Recorded information:
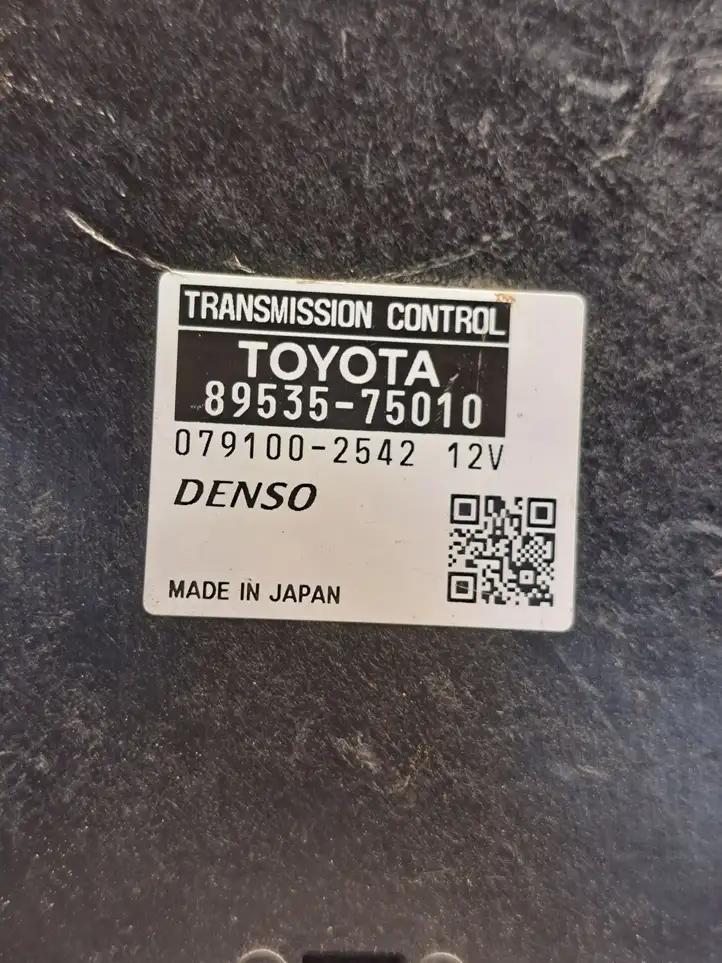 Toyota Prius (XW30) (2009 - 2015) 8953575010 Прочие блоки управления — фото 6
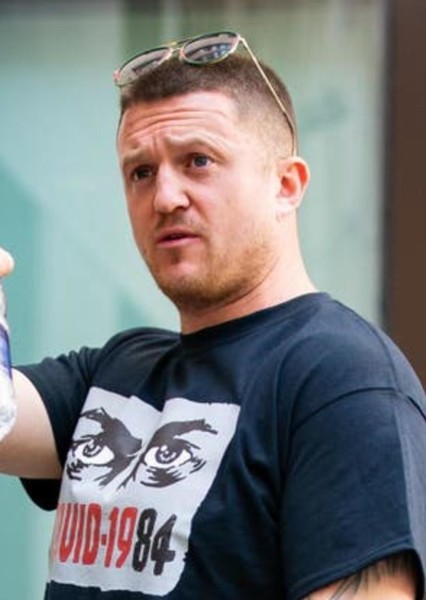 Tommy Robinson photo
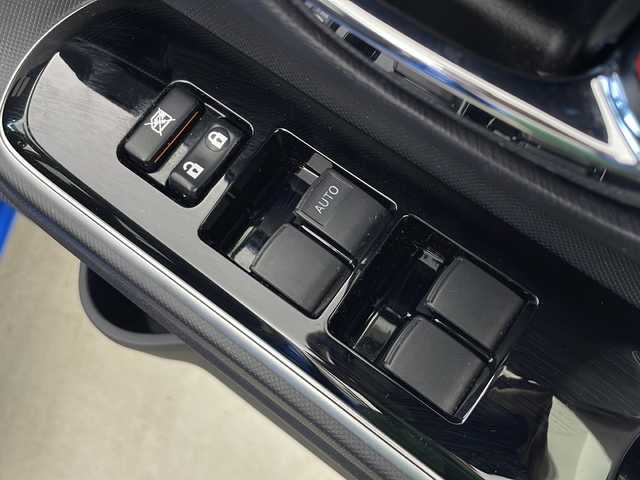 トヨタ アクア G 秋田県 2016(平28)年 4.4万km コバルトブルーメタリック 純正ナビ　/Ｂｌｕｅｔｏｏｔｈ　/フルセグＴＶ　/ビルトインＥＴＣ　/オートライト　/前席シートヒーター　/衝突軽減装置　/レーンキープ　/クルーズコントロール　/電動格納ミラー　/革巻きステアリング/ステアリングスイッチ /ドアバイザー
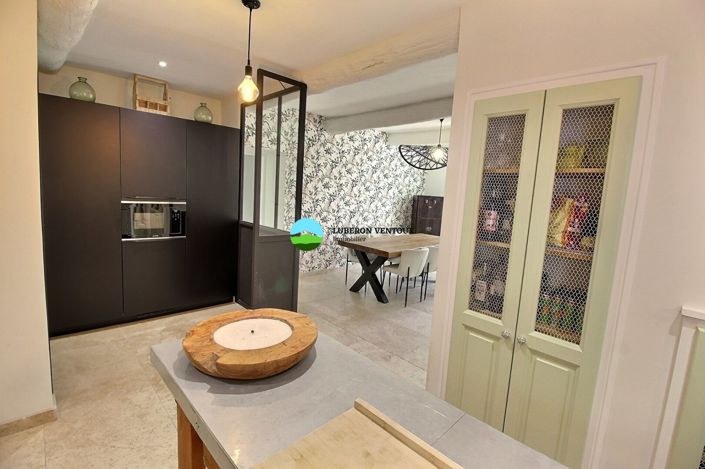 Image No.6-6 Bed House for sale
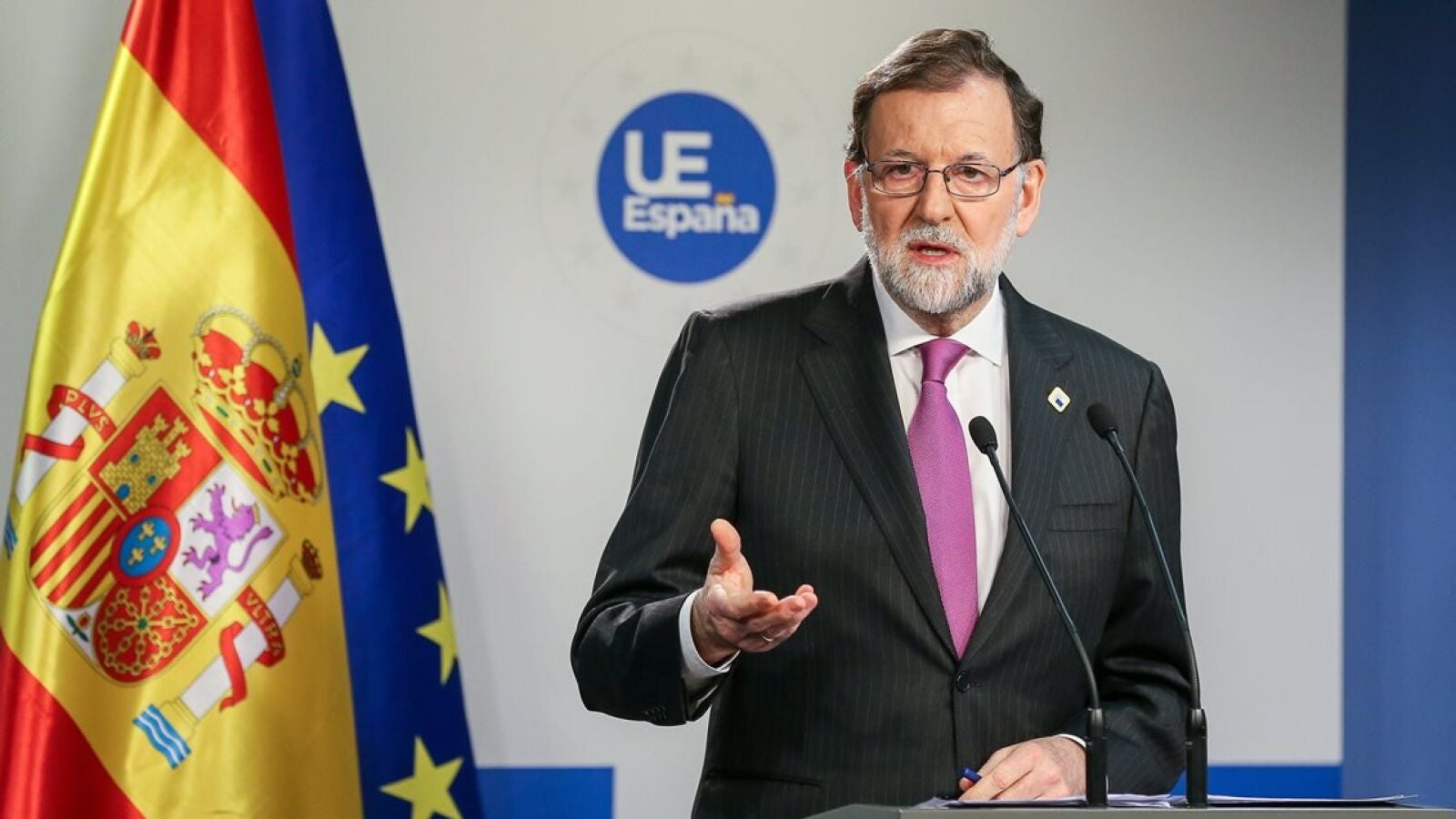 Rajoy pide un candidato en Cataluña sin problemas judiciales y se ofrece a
--
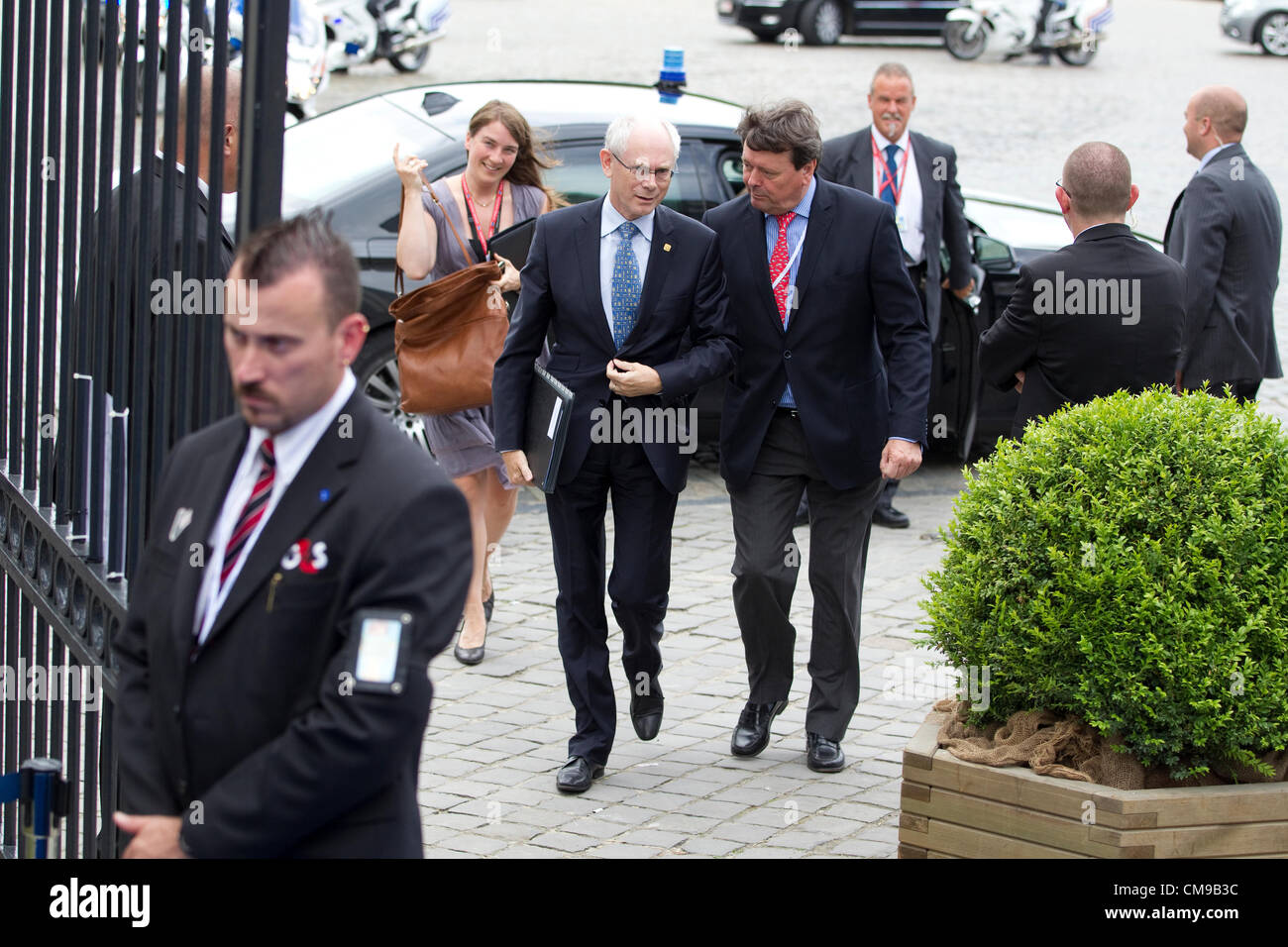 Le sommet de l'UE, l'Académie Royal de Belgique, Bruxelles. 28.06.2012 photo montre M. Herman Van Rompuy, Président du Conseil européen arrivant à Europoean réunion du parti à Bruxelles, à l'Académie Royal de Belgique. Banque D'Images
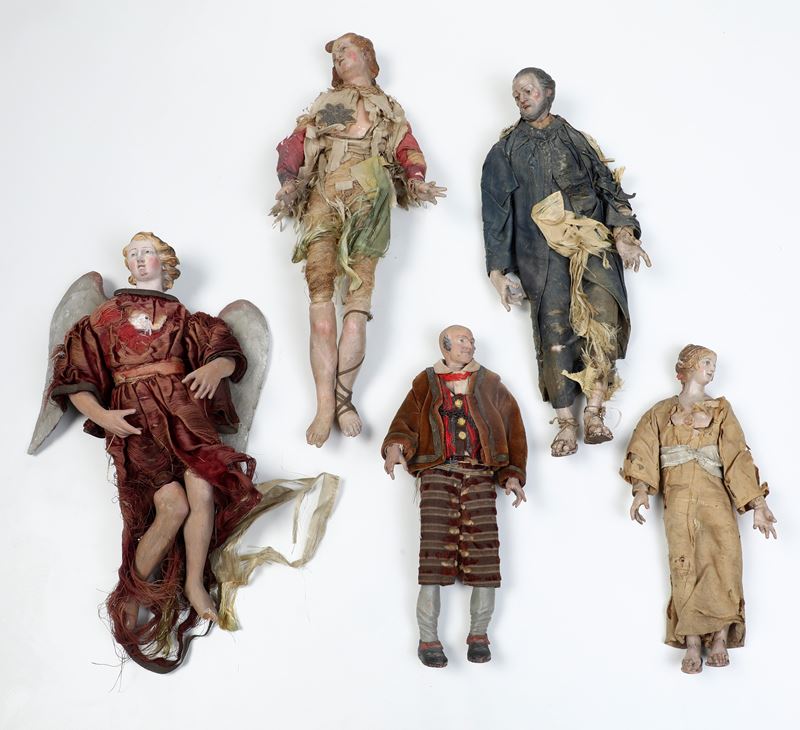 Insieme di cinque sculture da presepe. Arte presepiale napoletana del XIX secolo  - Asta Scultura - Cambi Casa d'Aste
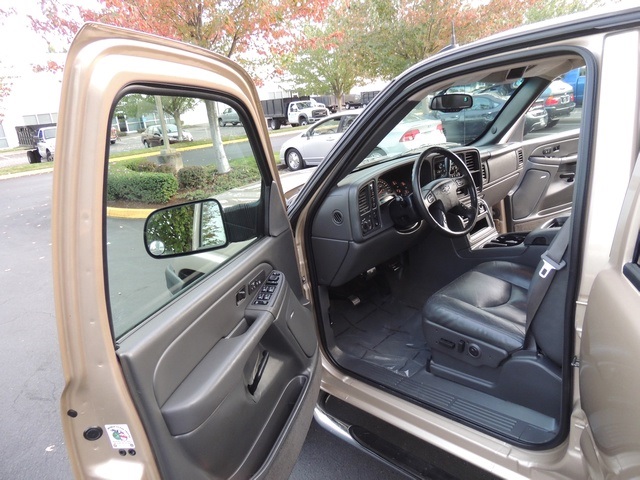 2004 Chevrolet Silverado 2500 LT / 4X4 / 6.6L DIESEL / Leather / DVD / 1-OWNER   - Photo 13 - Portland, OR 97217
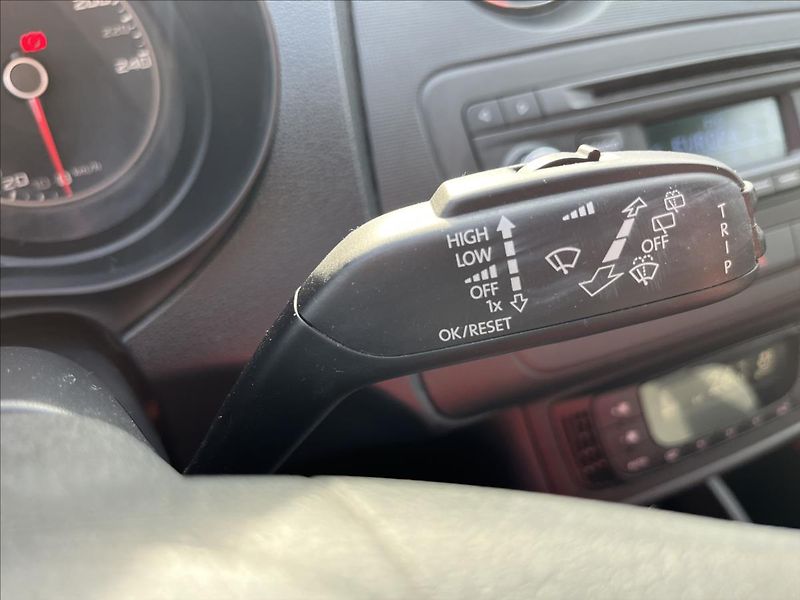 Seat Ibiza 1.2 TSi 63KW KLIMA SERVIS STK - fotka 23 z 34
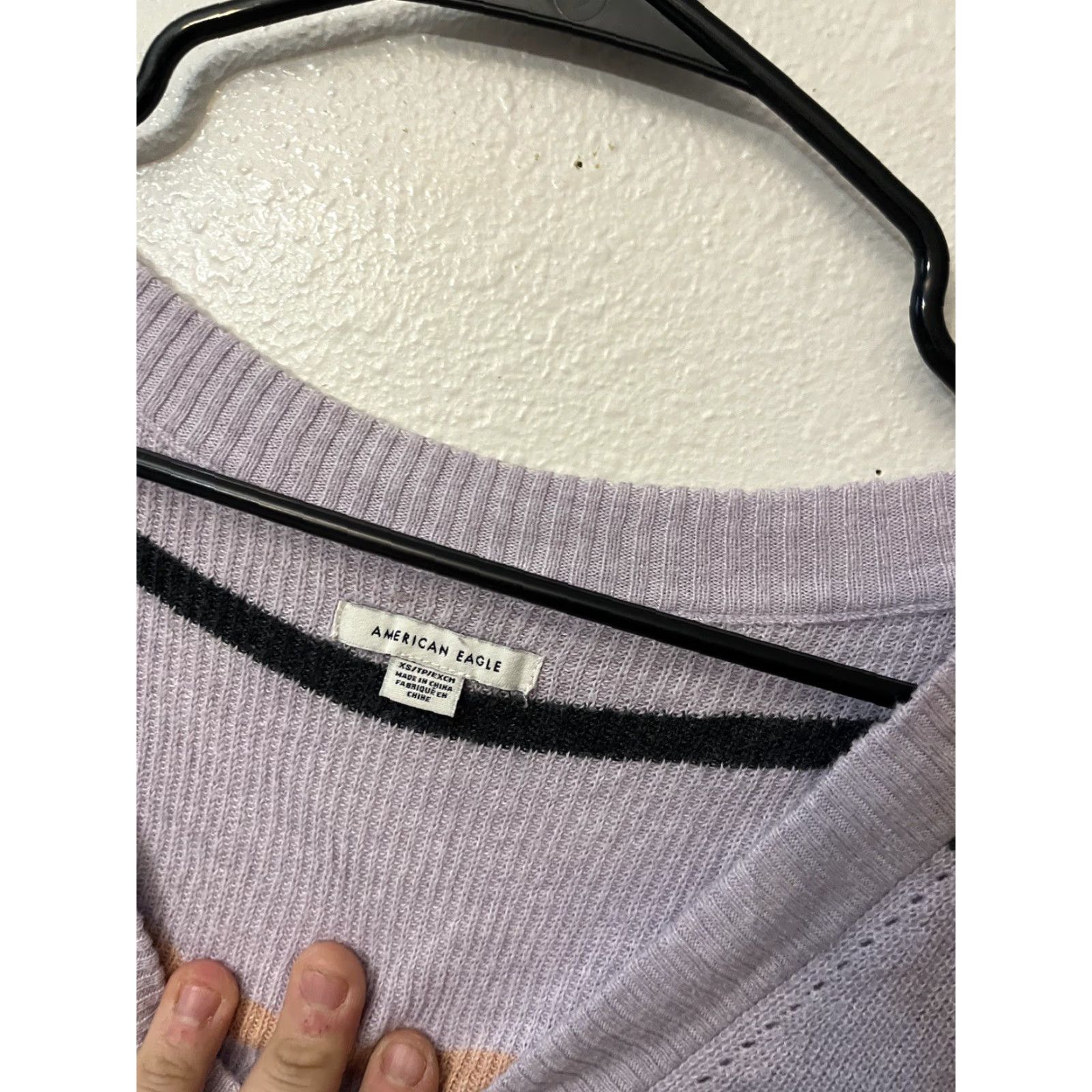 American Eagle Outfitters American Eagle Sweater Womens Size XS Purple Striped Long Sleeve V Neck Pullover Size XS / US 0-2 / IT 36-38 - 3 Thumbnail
---
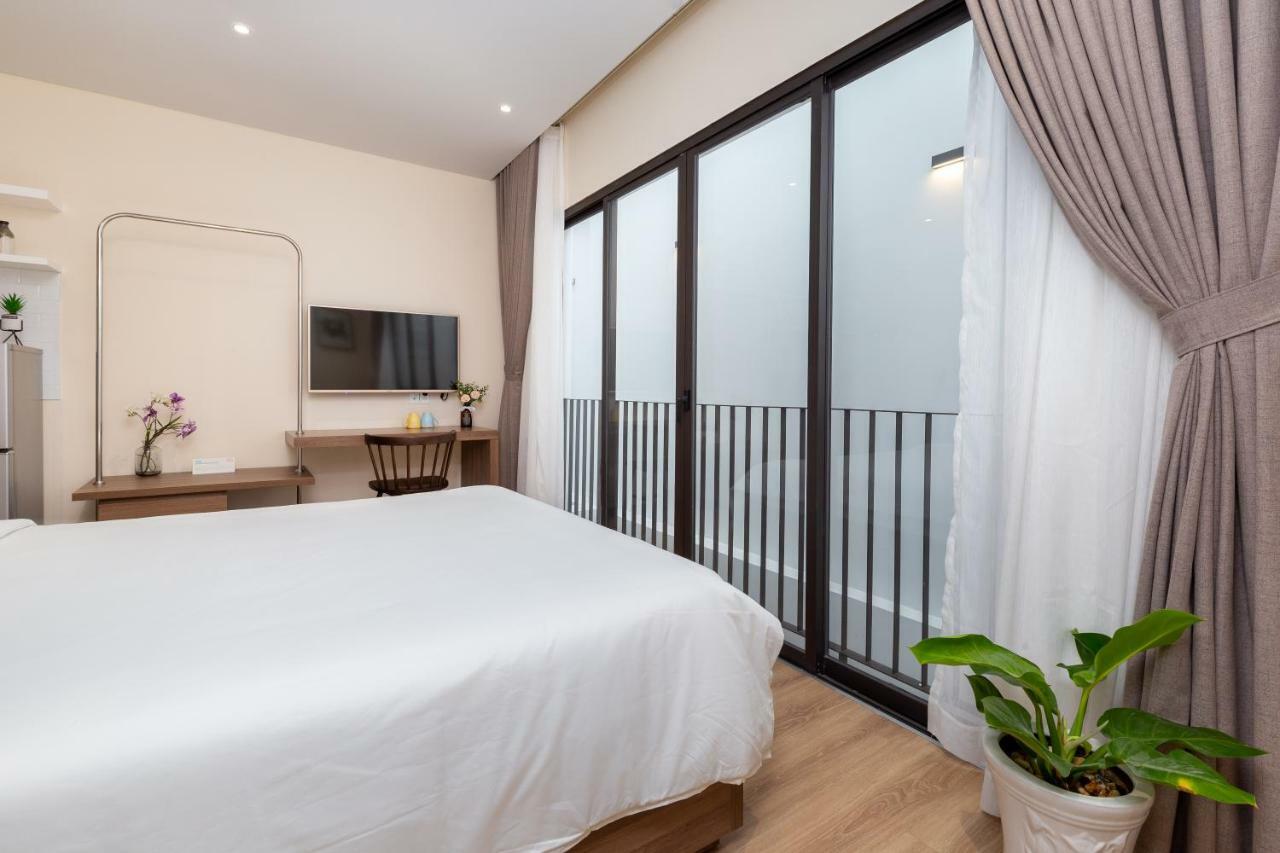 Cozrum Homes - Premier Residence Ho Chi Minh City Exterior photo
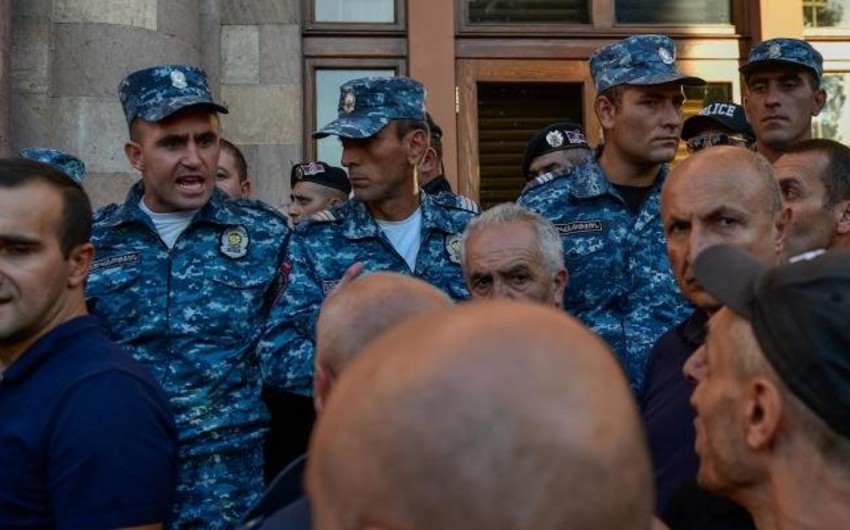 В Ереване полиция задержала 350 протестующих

Exercise instructions: With pictures omitted, repeat the entries above word for word from the line holding "Cozrum Homes - Premier" down to the line holding "В Ереване полиция задержала 350 протестующих", keeping both of those lines.

Answer section:
 Cozrum Homes - Premier Residence Ho Chi Minh City Exterior photo
 В Ереване полиция задержала 350 протестующих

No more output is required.